Reputation: 79
I'm trying to calculate distance between 2 coordinates based on polars data frame.
import polars as pl
pl.Config.set_fmt_str_lengths(2000)
data={"a": ["782.83 7363.51 6293 40 PD","850.68 7513.1 6262.17 40 PD"], "b": ["795.88 7462.65 6293 40 PD","1061.64 7486.08 6124.85 40 PD"]}
df=pl.DataFrame(data)
df.with_columns((pl.col("a").str.replace_all(r" +"," ").str.split(' ',2)).alias('c'))
df
try:
dfNew=df.with_columns((pl.col("a").str.replace_all(r" +"," ").str.split(' ',2)[:2]).alias('c'))
except Exception as e:
print('It\'s not working - ', e)
To calculate the distance, I need only the first 3 values from the list created by splitting it's value using space. When I try to do this I get an error message "'Expr' object is not subscriptable". How can I overcome it? To calculate the distance, I need do the same transformation to column b and using numpy make distance calculation.

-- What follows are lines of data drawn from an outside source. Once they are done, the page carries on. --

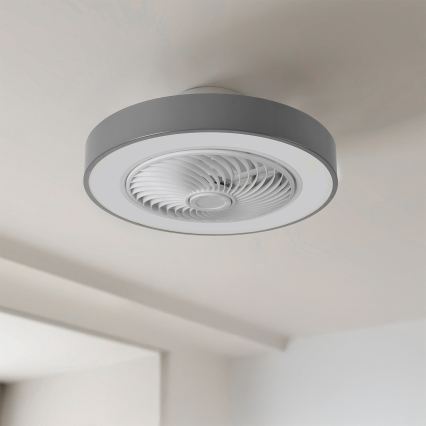 Brilagi - Plafonnier LED dimmable avec ventilateur LED/38W/230V 3000-6500K 3000-6500K Ø 50 cm gris + télécommande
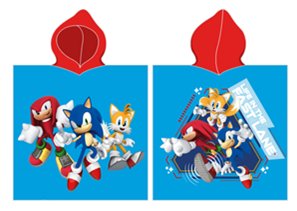 SONIC Ręcznik DZIECIĘCY z Kapturem PONCHO OKRYCIE KĄPIELOWE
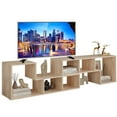 thumbnail image 3 of 2-Pieces Wood TV Stand for 32-65 Inch TVs, Adjustable TV Console Table with Storage, Double L-Shaped TV Stand, Farmhouse Entertainment Center for Living Room, 3 of 8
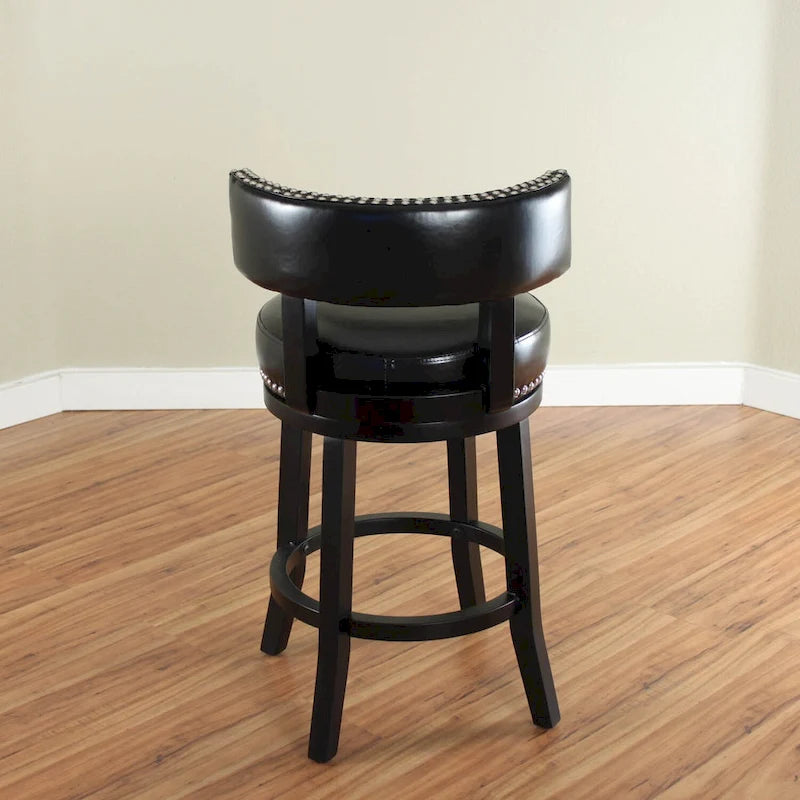 Swivel Faux Leather Upholstered Wood Counter Stool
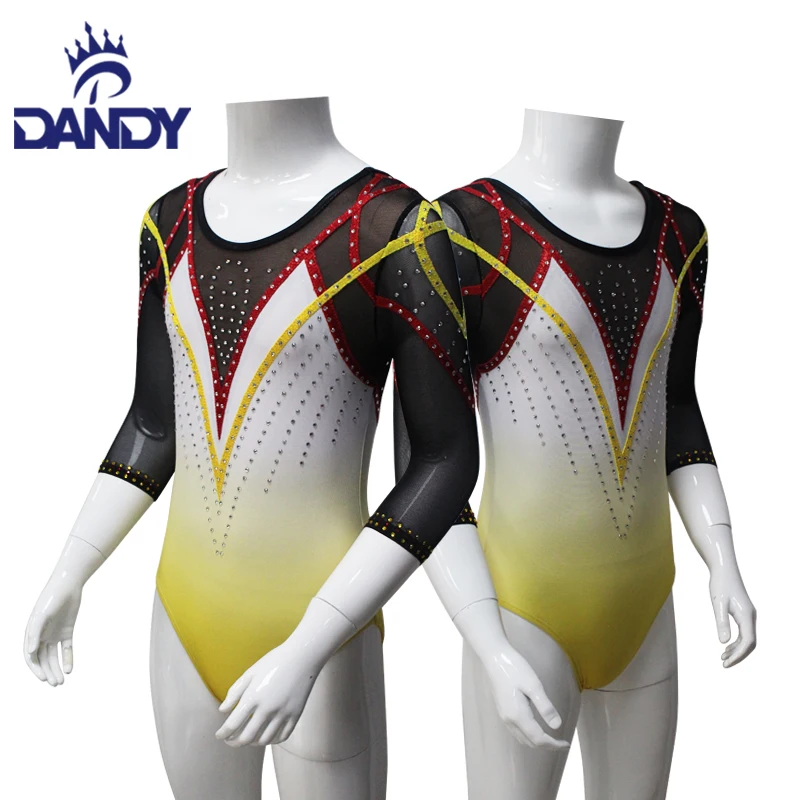 Professional Custom Performance Leotard Kids Sleeveless Sublimation Gymnastics Costumes Women Nude Dancewear Gymnastics Girls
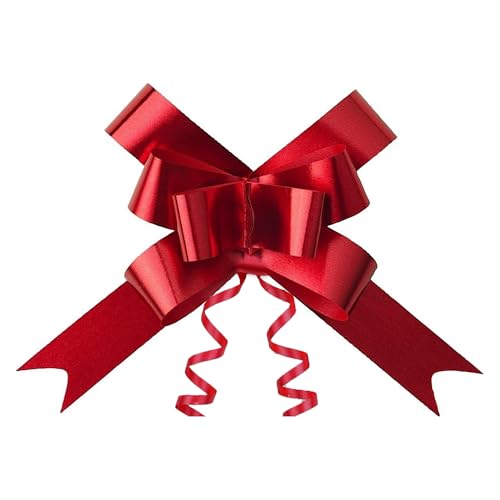 SHATCHI Large 50mm/5cm Ribbon Pull Bows for Party Wall, Gift Wraps, Christmas Trees, Wedding, Birthday Hampers Decoration Florist, Red, 10pcs
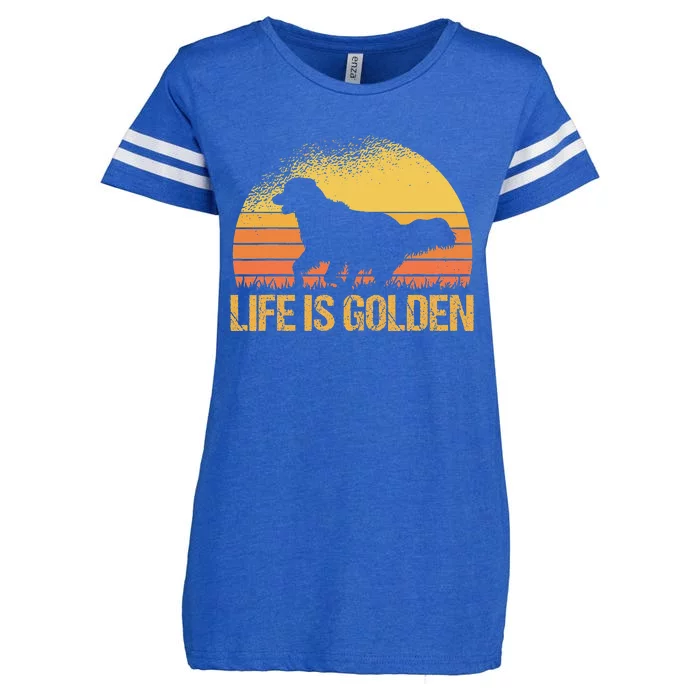 Life Is Golden Dog Golden Retriever Lover - Golden Retriever Enza Ladies Jersey Football T-Shirt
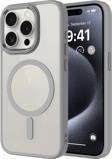 Apple iPhone 15 Pro Max Kılıf Wireless Şarj Özellikli Zore Krom Magsafe Silikon Kapak 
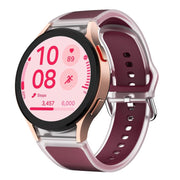 For Samsung Galaxy Watch 7  / 6 / 5 / 4 Kalebol Glacier Transparent Silicone Watch Band(Wine Red)
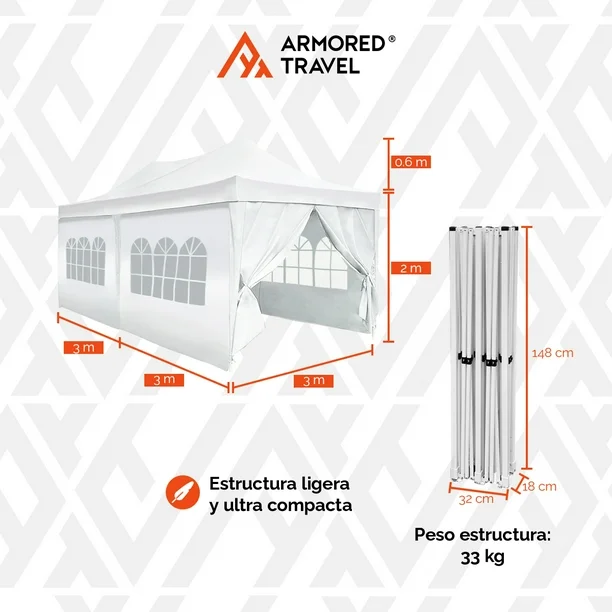 Toldo con paredes Carpa plegable retráctil 3x6 m para jardín eventos Armored Travel Reforzado + maleta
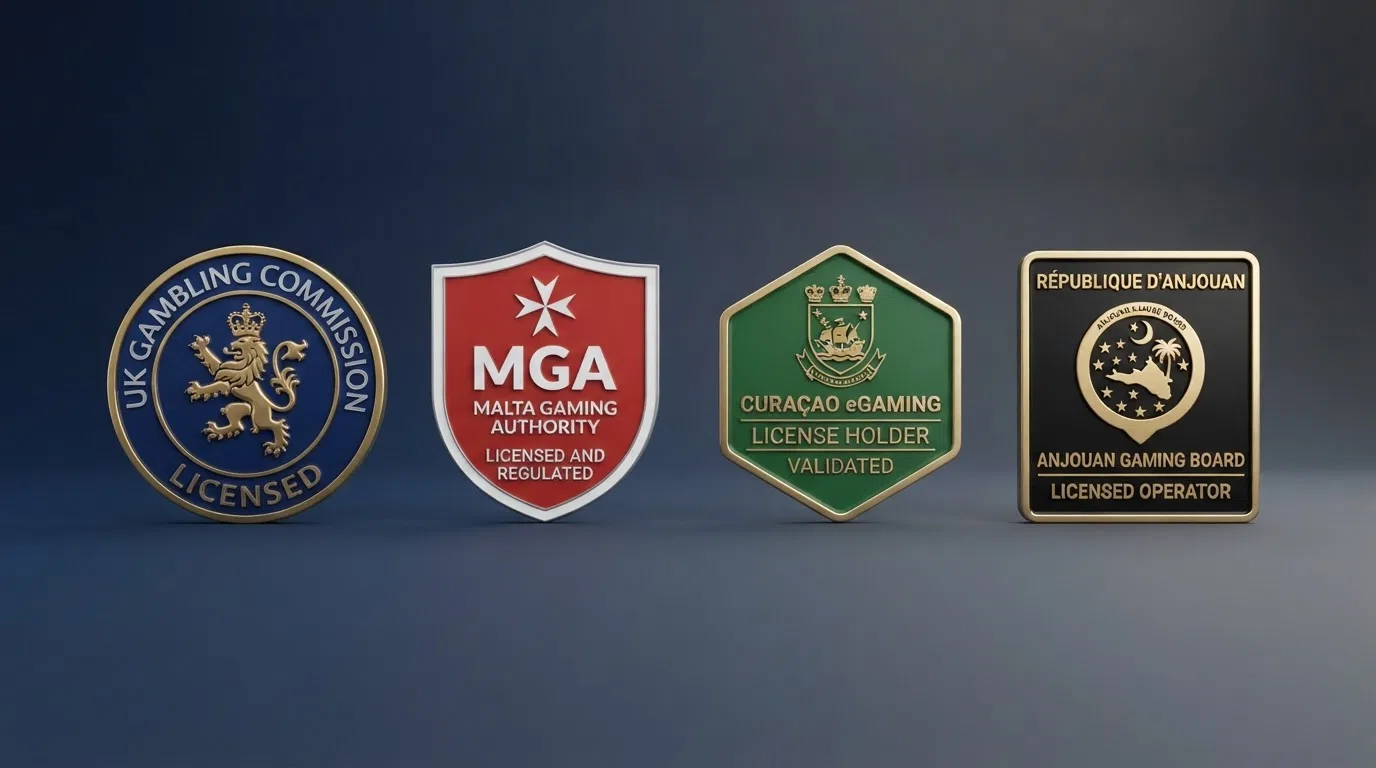 Four casino website footers shown side by side, each displaying a different licence badge: UKGC, MGA, Curacao, and Anjouan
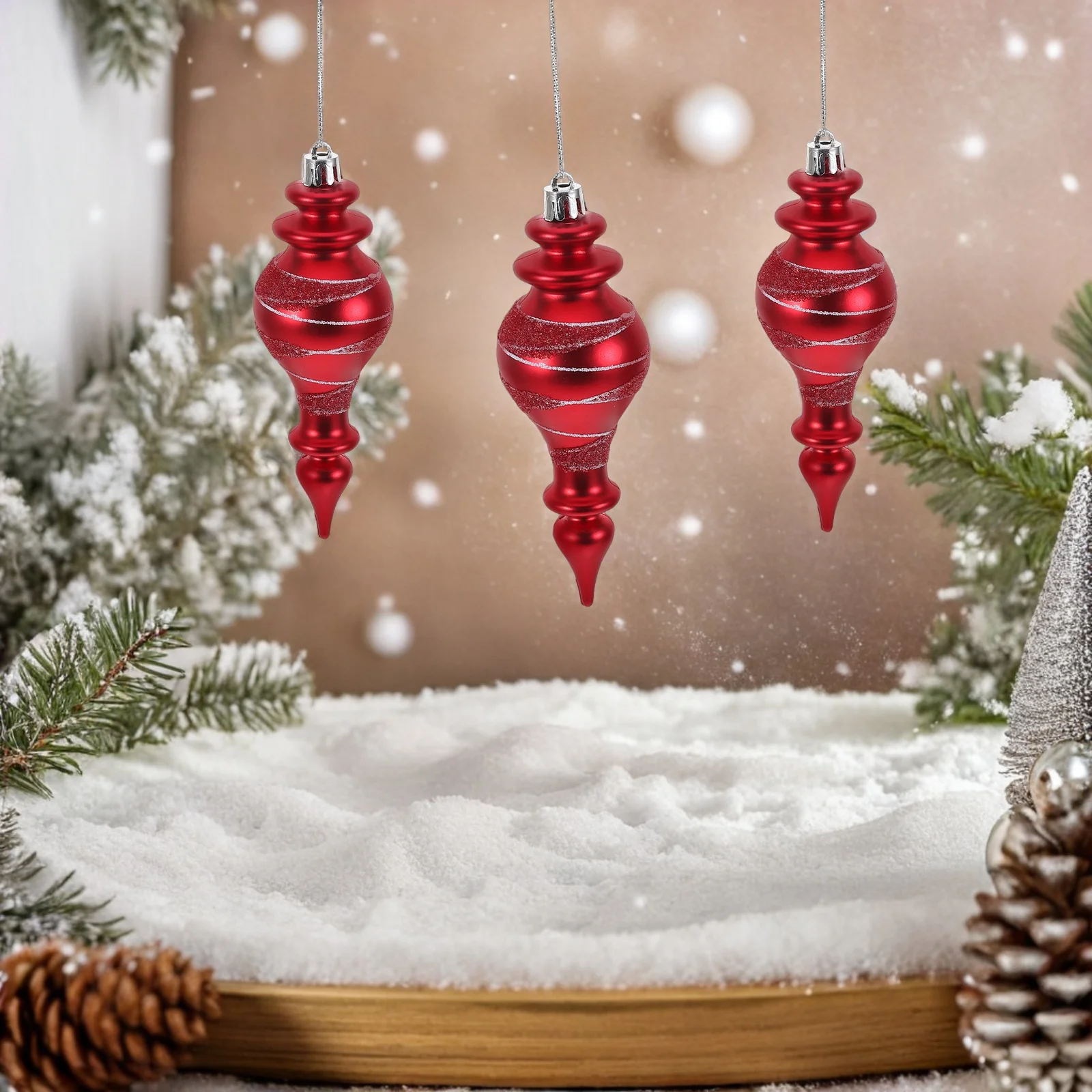 

3Pcs Shatterproof Christmas Tree Ornaments Red Plastic Bauble Long Pointed Shiny Finial Holiday Fireplace Window Display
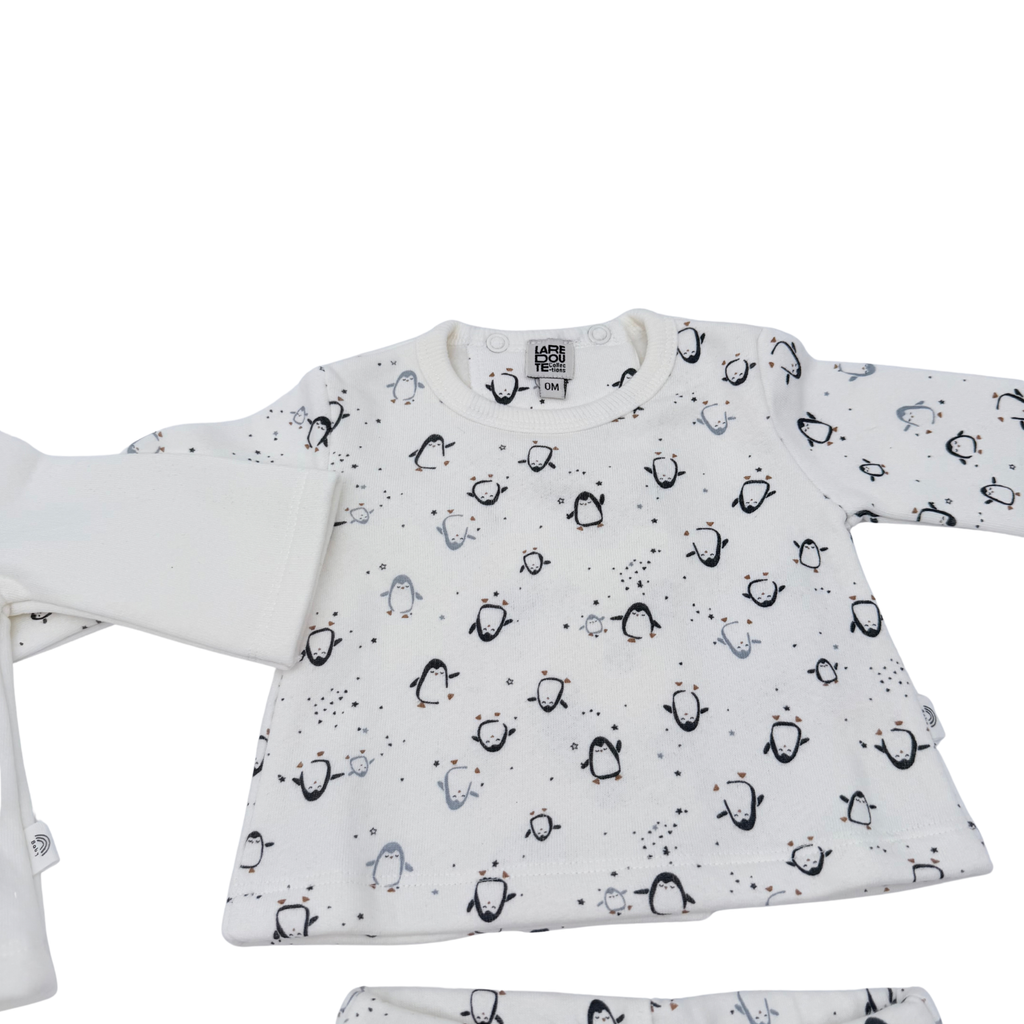 Lot de 2 ensembles bébé écrus motif pingouins - Naissance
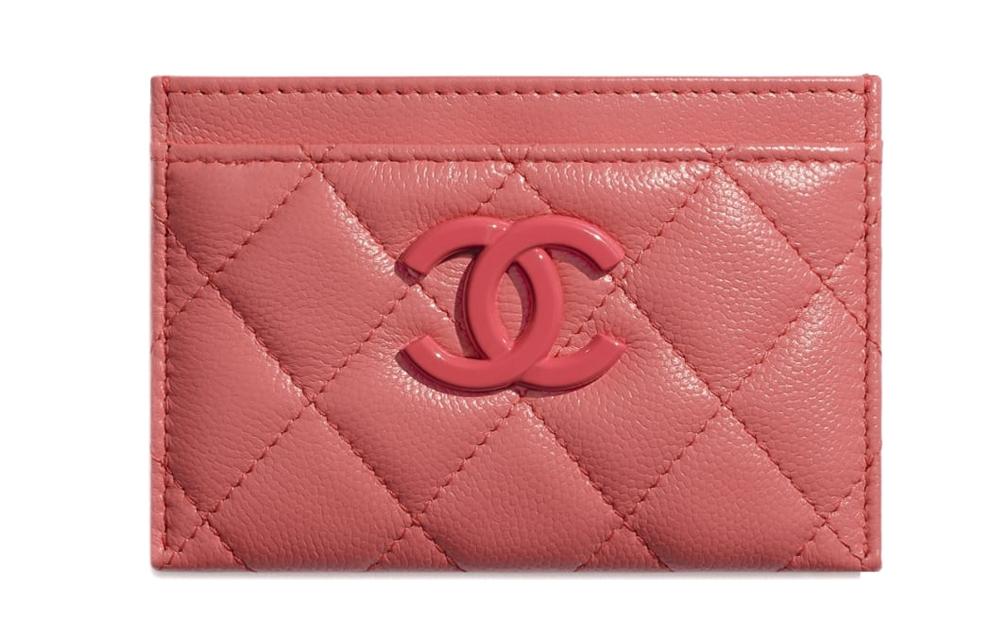 Chanel Chanel Cow Leather Card Holder Unisex Coral Pink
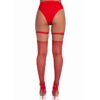 Model in red high-waisted panties, fishnet stockings, and red heels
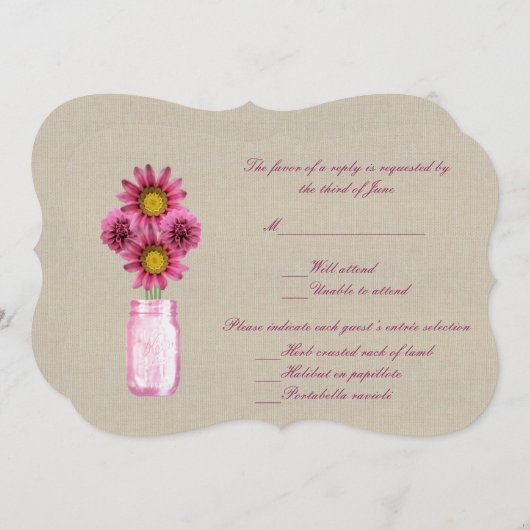 Burlap Rustic Pink Mason Jar Response Kaart (Voorkant / Achterkant)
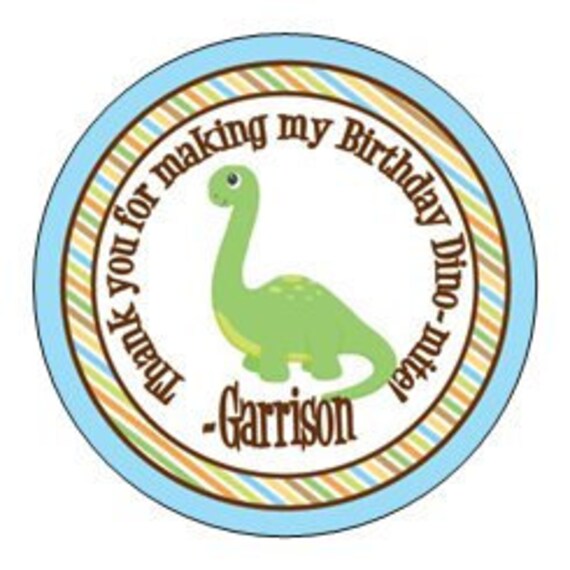 Set of 24 Small Round Dinosaur Birthday Party Stickers Favor Tags Il_570xn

I was trying to use list comprehension and lambda but nothing works. How to overcome this? Thanks in advance.
Artur
Upvotes: 2
Views: 1988
Reputation: 1462
To take first three elements from list, you should use .arr.slice()
method and then cast list[str]
to the list of floats list[f64]
to provide further calculations
df.with_columns([
pl.col("a").str.replace_all(r" +", " ")\
.str.split(" ").arr.slice(0,3)\
.cast(pl.List(pl.Float64)).alias("c")
])
Upvotes: 2